There was much argument from Mrs Meyer’s
side about Nico’s alleged attempts over the years to get rid of
Marius as a
trustee – the argument was that Nico had planned
taking control of Mrs Meyer’s affairs long before concluding
the property
transactions, because dealing with Mrs Meyer instead of
with Marius would be easier for Nico. Mrs Meyer’s
concession
in relation to when the possibility of the sale of the
properties first arose (I refer to her evidence below), however, took
the
sting out of this argument.
19.
There was some dispute during the evidence
about who the owner of the Rotsvas shares was at the times relevant
to this action.
Counsel for Mrs Meyer suggested to Nico in
cross-examination that the shares had been held by the Annette Meyer
Family Trust, on
the basis of the Trust’s financial statements
for the year ended 28 February 2010, which reflected that the Trust
held shares
in Rotsvas.
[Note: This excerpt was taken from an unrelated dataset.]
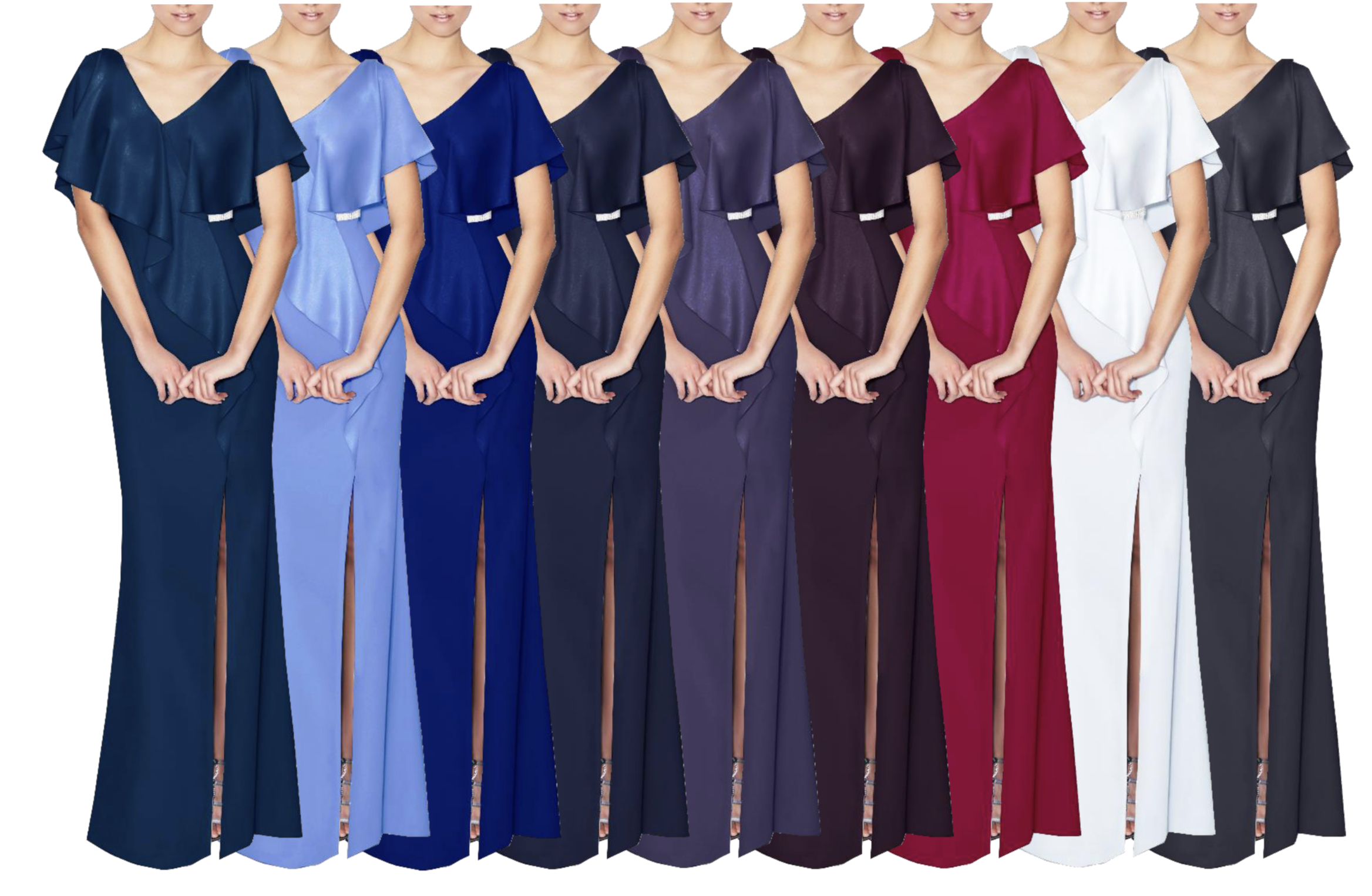 NEAT 777 Jumpsuit Navy S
Mrs Meyer herself however testified that she
was under the impression that she had been the owner of the shares in
Rotsvas.
20.
Nico was emphatic that the shares in
Rotsvas had always been held by Mrs Meyer, and never by the Annette
Meyer Family Trust. The
financial statements of the Trust to which
counsel referred was, so he testified, merely a draft (a
"mock
up”)
which had been prepared in
order to consider
"hoe die state
sal lyk as Rotsvas Ondernemings binne in die Annette Meyer Familie
Trust is" [“how the statements
would look if Rotsvas
Ondernemings was in the Annette Meyer Family Trust”].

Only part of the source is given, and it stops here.